Unconfigurable 500 ms debounce on IMAP IDLE notifications
Hello all,
I have been investigating the reason for high end-to-end email delivery delay (>1 second to send a message to echo bot and receive a reply back) on a Postfix+Dovecot email server setup used to run the tests for Delta Chat core [1]. It appeared that most of the time was spent between the submission SMTP service accepting the mail for delivery and receiving an IDLE wakeup on the other side.
Looking into the Dovecot source code, I found that all notifications from the storage to callbacks set up by IDLE are delayed by a debounce constant NOTIFY_DELAY_MSECS [2]. It appears to have been added in 2009 [3], but even before that Dovecot was only delivering notifications when a second-resolution timer is changed by at least 1, so IDLE notifications probably were delayed by half a second on average even before that.
Commit message says "If the notification is done immediately, IDLE may not notice the change because it's not finished yet." This sounds like a workaround for some internal Dovecot bug.
I have nevertheless tried to compile Dovecot with this constant reduced from 500 ms to 1 ms [4] and it resulted in exceptionally fast delivery without any problems caused to the Delta Chat core online test suite which is using this Postfix+Dovecot server accounts. We are running all the tests against this server and it appears to work fine. Round trip time for sending a message to an echo bot and receiving a reply back is reduced from 1.1 s to 0.2 s, which is easily visible in a chat app [5].
I wonder if this debounce delay was added as a workaround for an internal Dovecot bug or a client bug and is not necessary anymore. It does not seem to be useful for well-behaving clients because if necessary the client may debounce notifications on its side and postpone interrupting IDLE with "DONE".
I would actually like to disable this delay completely on our server setup [6], as for chat it is common to receive multiple messages in a short period of time, e.g. when sending a message to a group and receiving multiple read receipts from currently active users.

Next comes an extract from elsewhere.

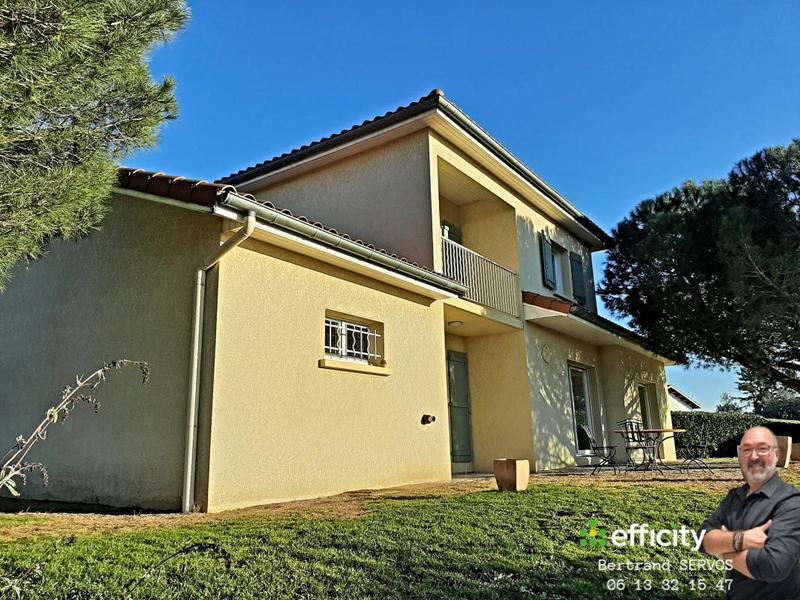 Villa - 115 m² - 5 pièces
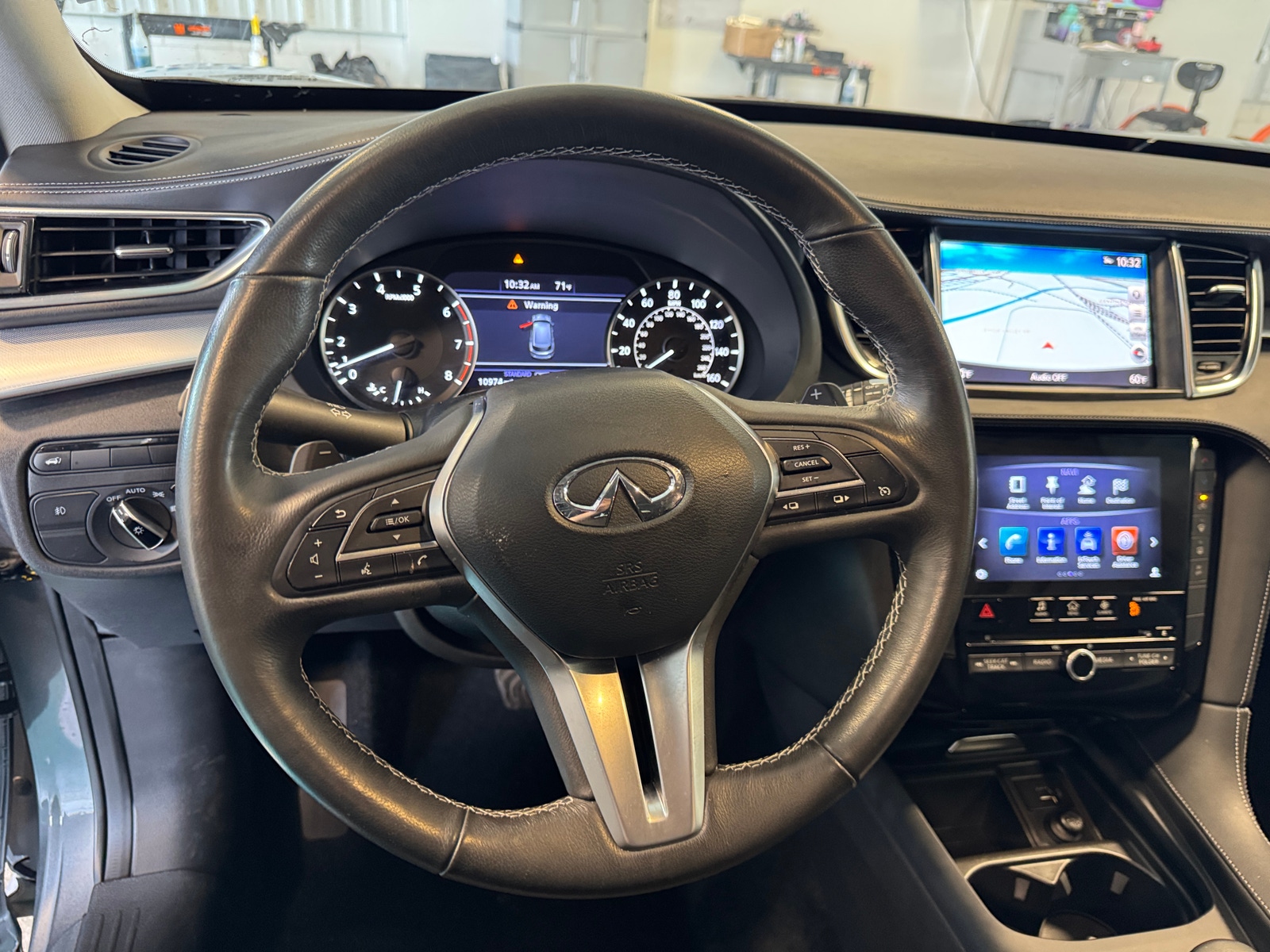 Thumbnail: 2019 INFINITI QX50 - 4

[1] https://github.com/deltachat/deltachat-core-rust/ [2] https://github.com/dovecot/core/blob/93a53a9d590f0220de28600f36a969cc38c3148... [3] https://github.com/dovecot/core/commit/56fb5d09955b6097f77b341717fd9b70e9f13... [4] https://github.com/deltachat/chatmail/issues/72#issuecomment-1806645153 [5] https://delta.chat/assets/blog/nine-echo.mp4 [6] https://github.com/deltachat/chatmail
Best regards, Alex
On 14. Dec 2023, at 16.21, Alex <alex@merlinux.eu> wrote:
Hello all,
I have been investigating the reason for high end-to-end email delivery delay (>1 second to send a message to echo bot and receive a reply back) on a Postfix+Dovecot email server setup used to run the tests for Delta Chat core [1]. It appeared that most of the time was spent between the submission SMTP service accepting the mail for delivery and receiving an IDLE wakeup on the other side.

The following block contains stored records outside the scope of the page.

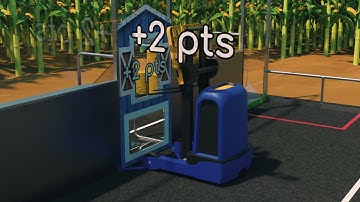 2021 Game Design Challenge Finalist: Team 4342 - Harvest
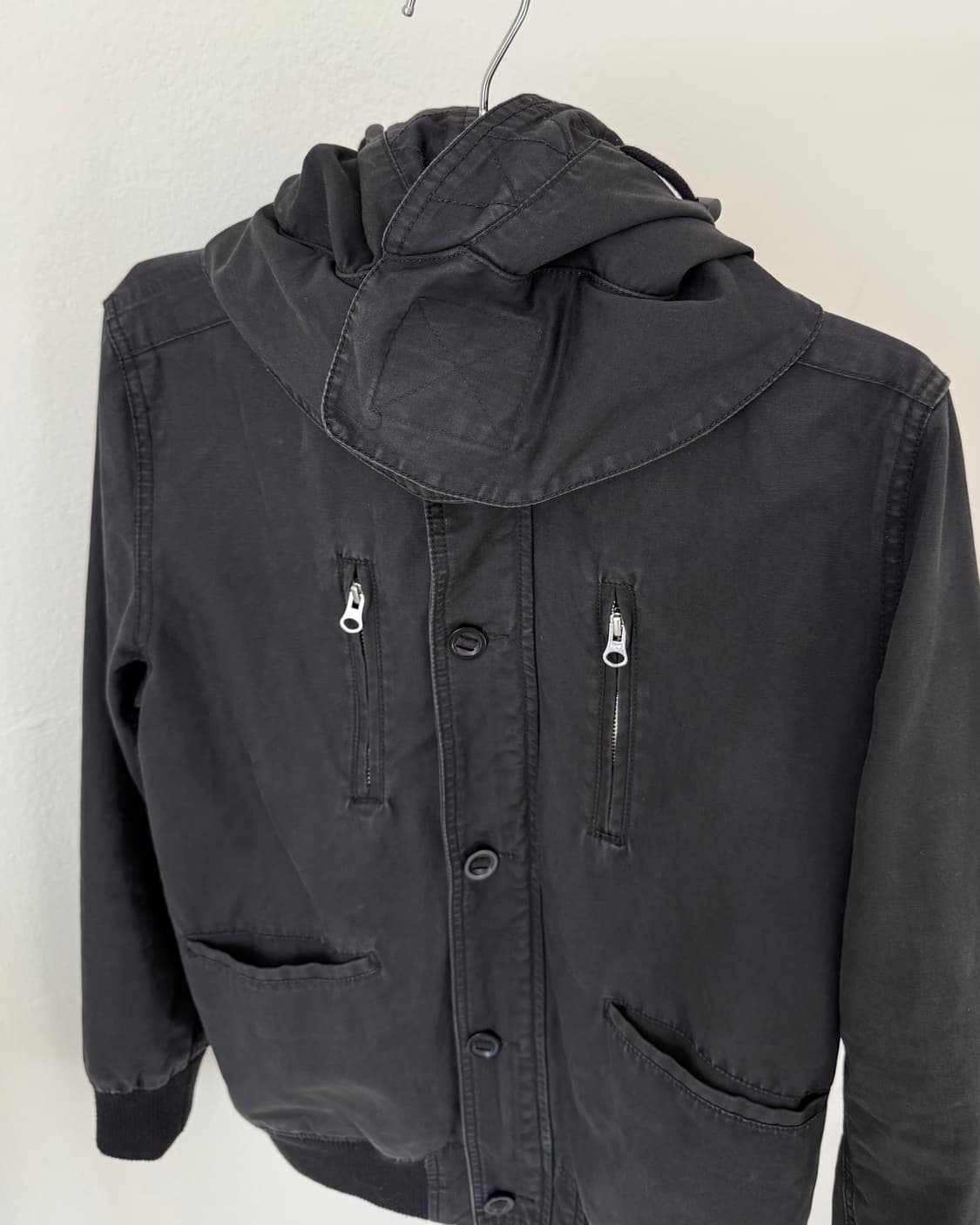 빈티지 코튼 자켓 상품이미지6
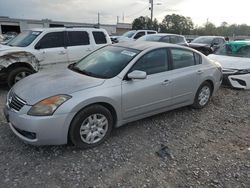 Salvage cars for sale at Montgomery, AL auction: 2009 Nissan Altima 2.5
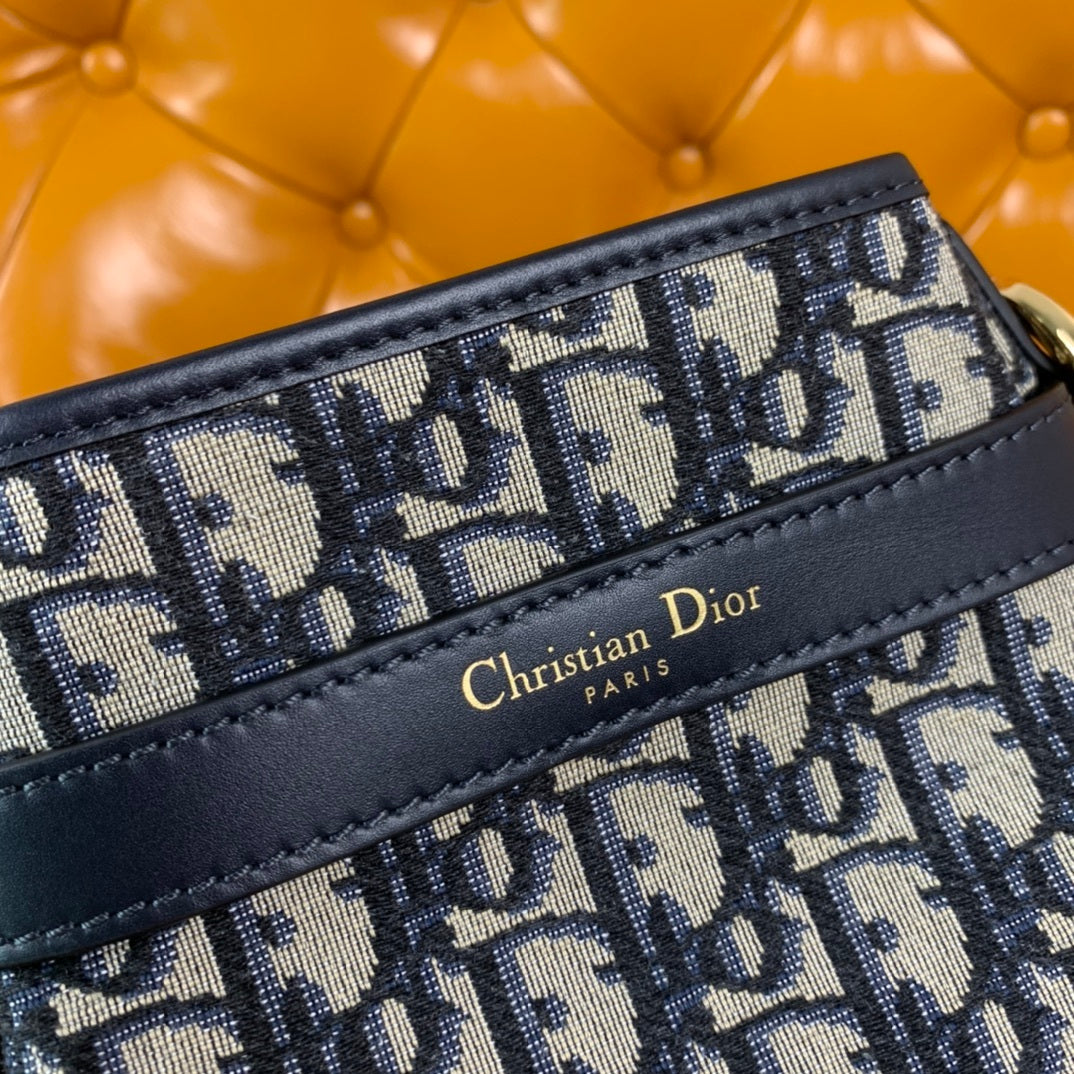 Christian Dior Oblique Bucket Bag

Looking into the Dovecot source code, I found that all notifications from the storage to callbacks set up by IDLE are delayed by a debounce constant NOTIFY_DELAY_MSECS [2]. It appears to have been added in 2009 [3], but even before that Dovecot was only delivering notifications when a second-resolution timer is changed by at least 1, so IDLE notifications probably were delayed by half a second on average even before that.
Commit message says "If the notification is done immediately, IDLE may not notice the change because it's not finished yet." This sounds like a workaround for some internal Dovecot bug.
...
I wonder if this debounce delay was added as a workaround for an internal Dovecot bug or a client bug and is not necessary anymore. It does not seem to be useful for well-behaving clients because if necessary the client may debounce notifications on its side and postpone interrupting IDLE with "DONE".
I can't really think of any situation where this would be necessary anymore. Not sure why it was necessary back in 2009 - maybe Maildir didn't have quite as many locks back then. Anyway now even if a change is partial at the time the mailbox-watch triggers, it runs full mailbox syncing which will lock the mailbox, so it waits for any previous changes to finish being written.
I would actually like to disable this delay completely on our server setup [6], as for chat it is common to receive multiple messages in a short period of time, e.g. when sending a message to a group and receiving multiple read receipts from currently active users.
We could of course make this a setting, but maybe it's not necessary. Would this behavior also work for you? :
- If the current IDLE hasn't notified anything yet, send the notification immediately without waiting
- Otherwise, send it max once per 0.5 seconds.
So if you're using the same connection to always break out of IDLE after a notification, there would be no dalays.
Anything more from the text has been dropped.